* [Source material]:
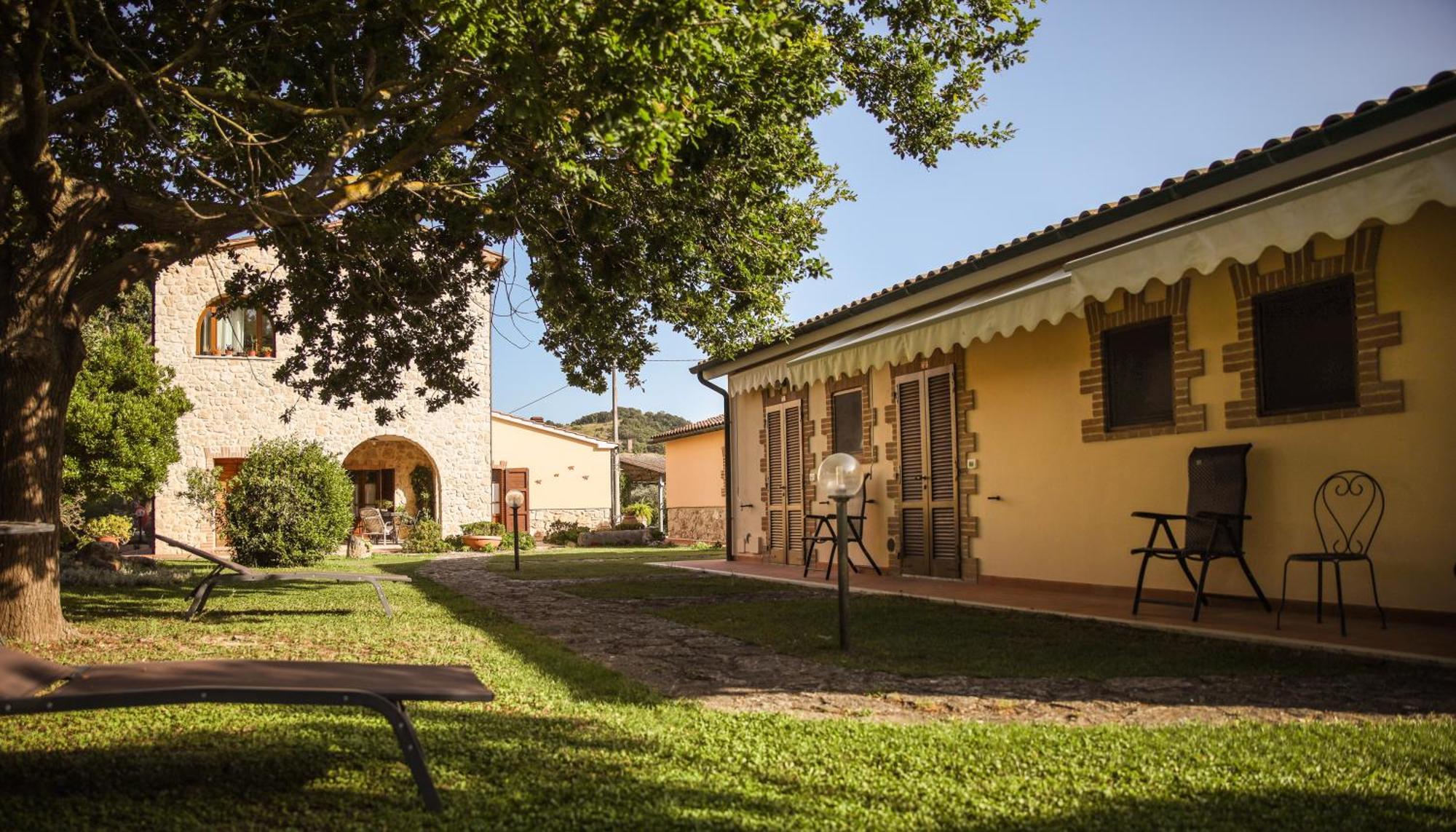Agriturismo La Vecchia Quercia モンテメラノ エクステリア 写真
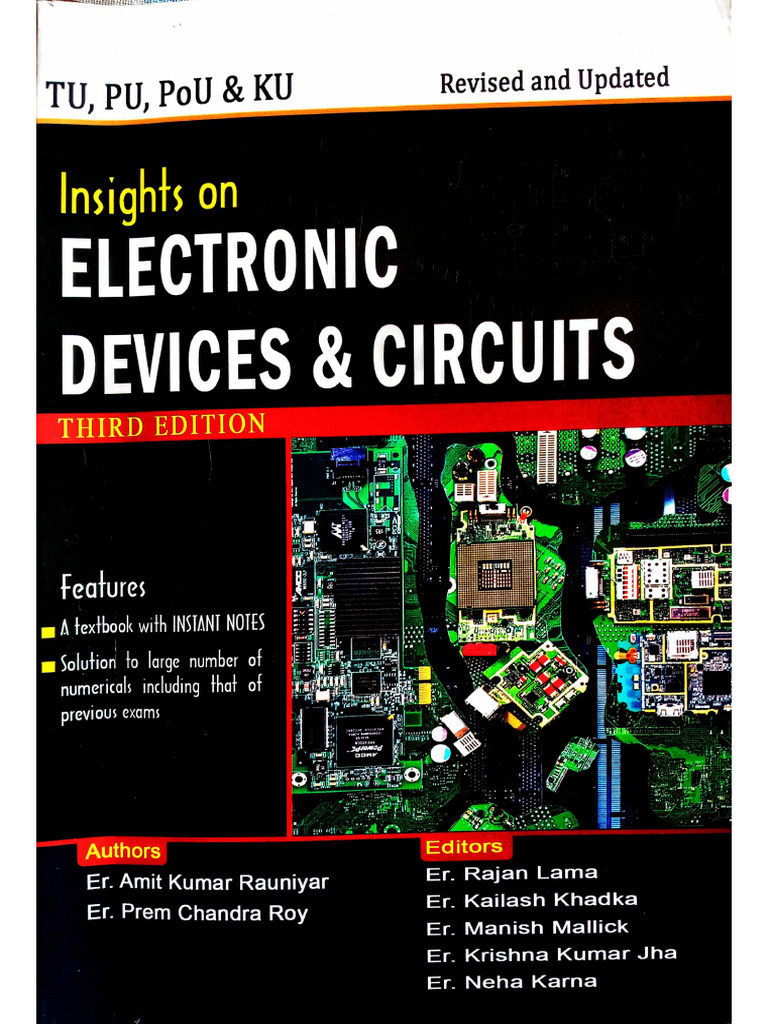 Insights On Electronic Devices and Circuits | PDF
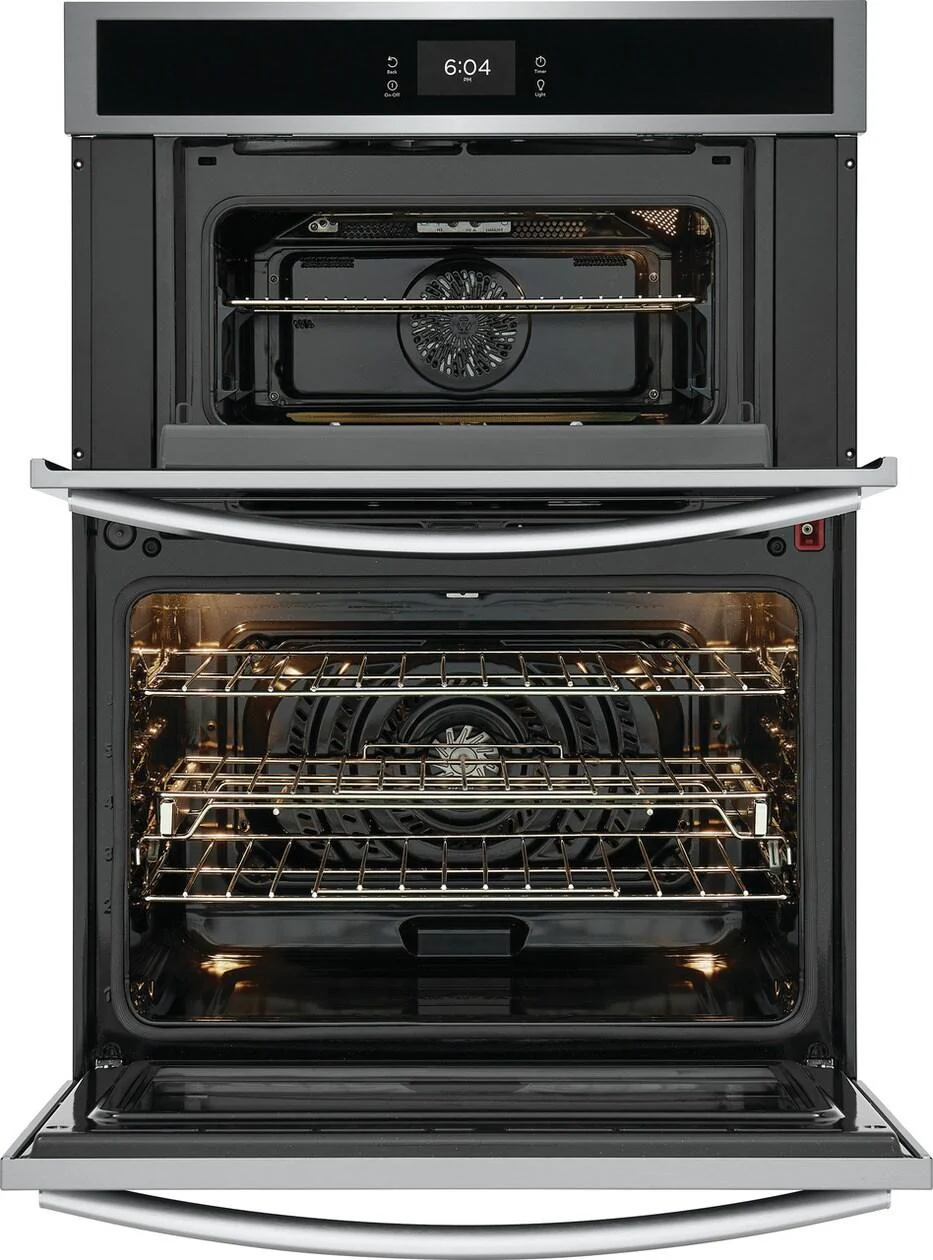 Frigidaire GCWM3067AF 30" Electric Wall Oven and Microwave Combination - Image 4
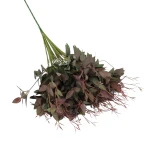 Sztuczny barwinek w kolorze bordowym 66 cm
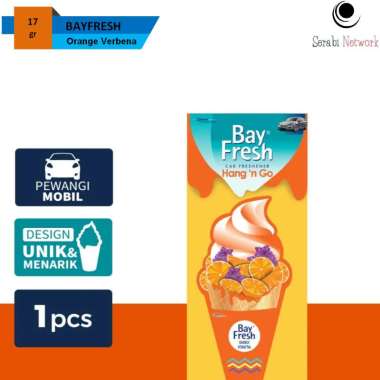 Bayfresh Hang N' Go Orange Verbena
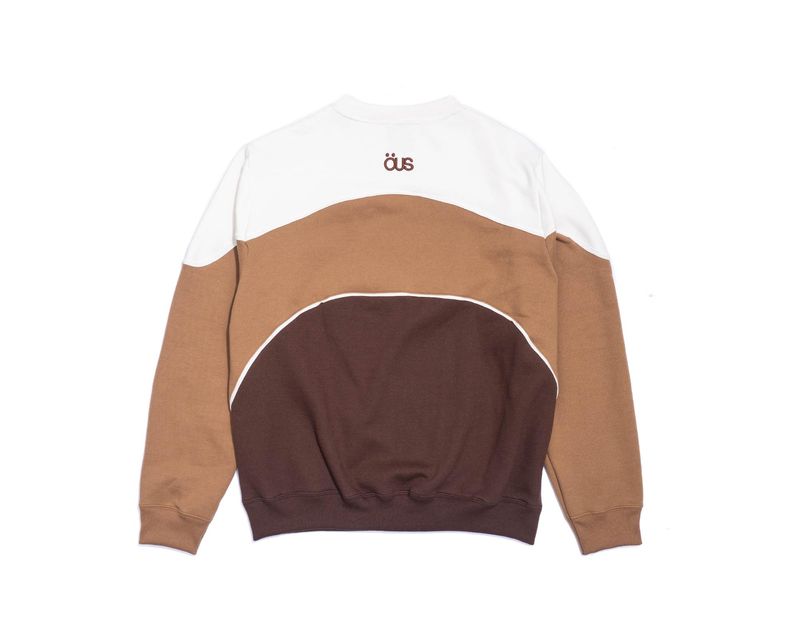 Moletom-Crewneck-Fragmento-Chocolate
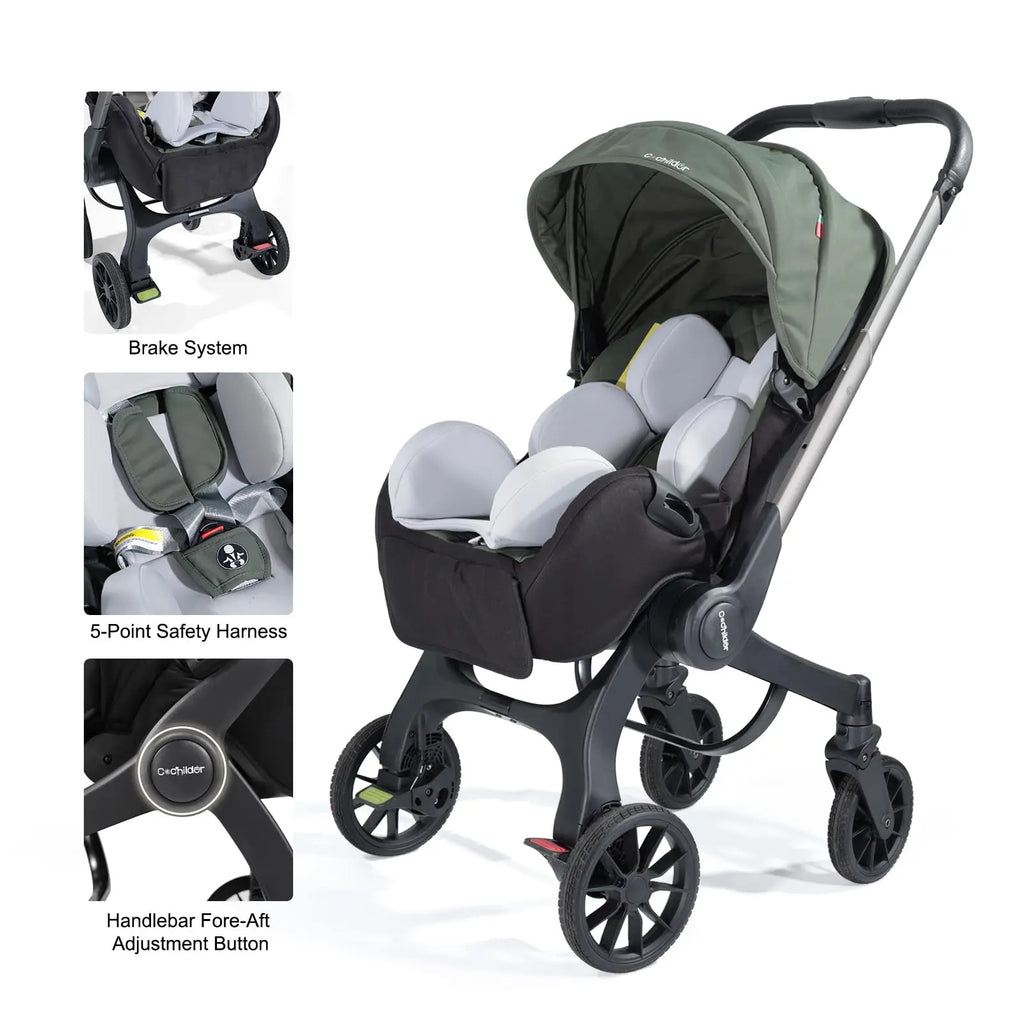 Foldable Baby Travel Stroller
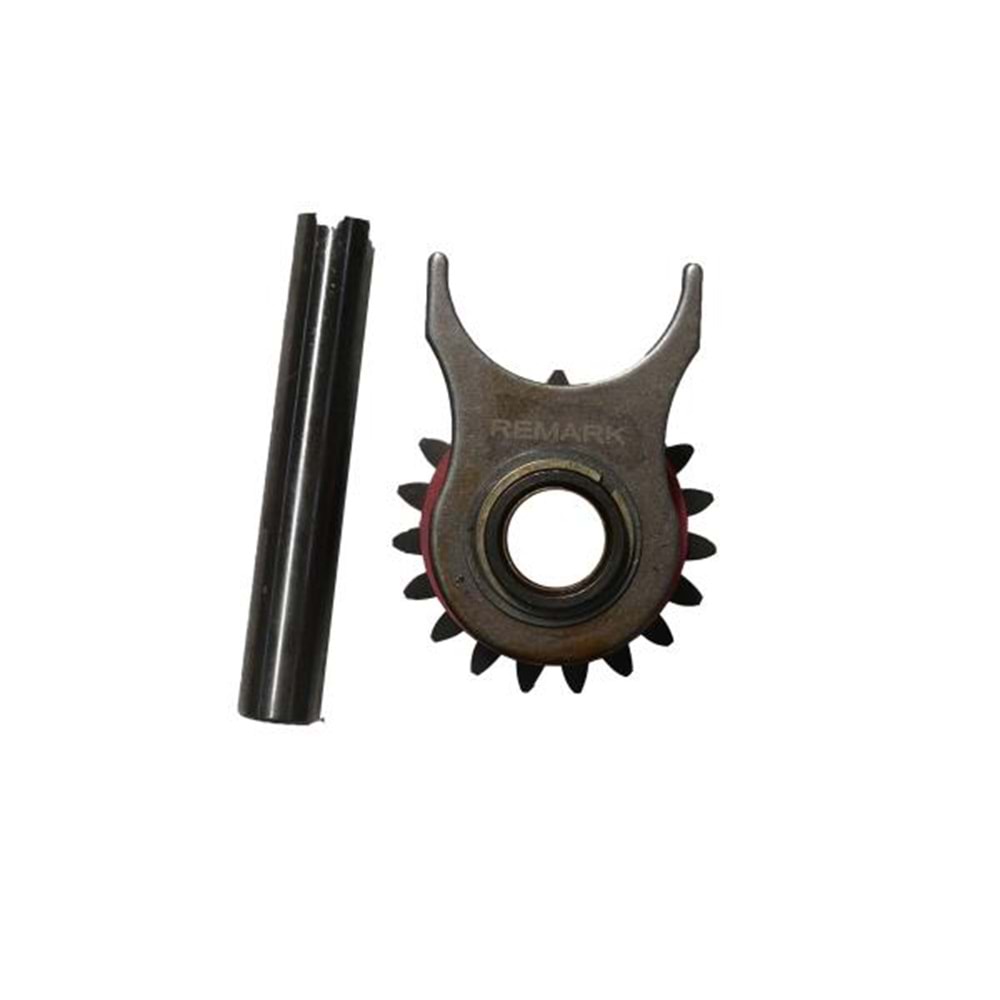 MOTOGRAFT V184 DİŞLİ+ÇATAL SETİ MİLLİ (İÇİ RULMANL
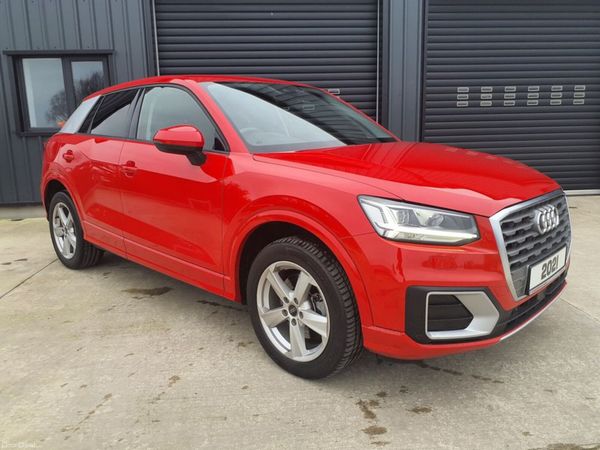 Audi Q2 SUV, Diesel, 2021, Red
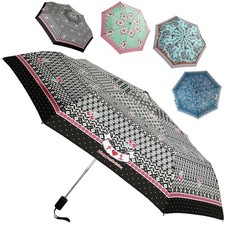 Knirps BLUTSGESCHWISTER Regenschirm Damen Taschenschirm Schirm Cityschirm Neu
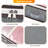6 Pack Underbed Storage Containers Large Capacity Clothes Storage Bins With Clear Windows And Reinforced Handles For Blanket Comforter Bedding Clothes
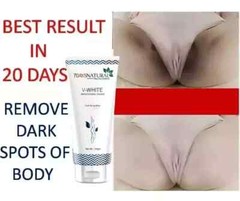 7 Days Intimate Area Lightening & Whitening Cream 100gm Intimate Area, Free Ship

* [Assignment]:
Please transcribe word for word the lines from the one bearing "Knirps BLUTSGESCHWISTER Regenschirm" through the last line of the records above, omitting the pictures.

* [Answer to this task]:
 Knirps BLUTSGESCHWISTER Regenschirm Damen Taschenschirm Schirm Cityschirm Neu
6 Pack Underbed Storage Containers Large Capacity Clothes Storage Bins With Clear Windows And Reinforced Handles For Blanket Comforter Bedding Clothes
 7 Days Intimate Area Lightening & Whitening Cream 100gm Intimate Area, Free Ship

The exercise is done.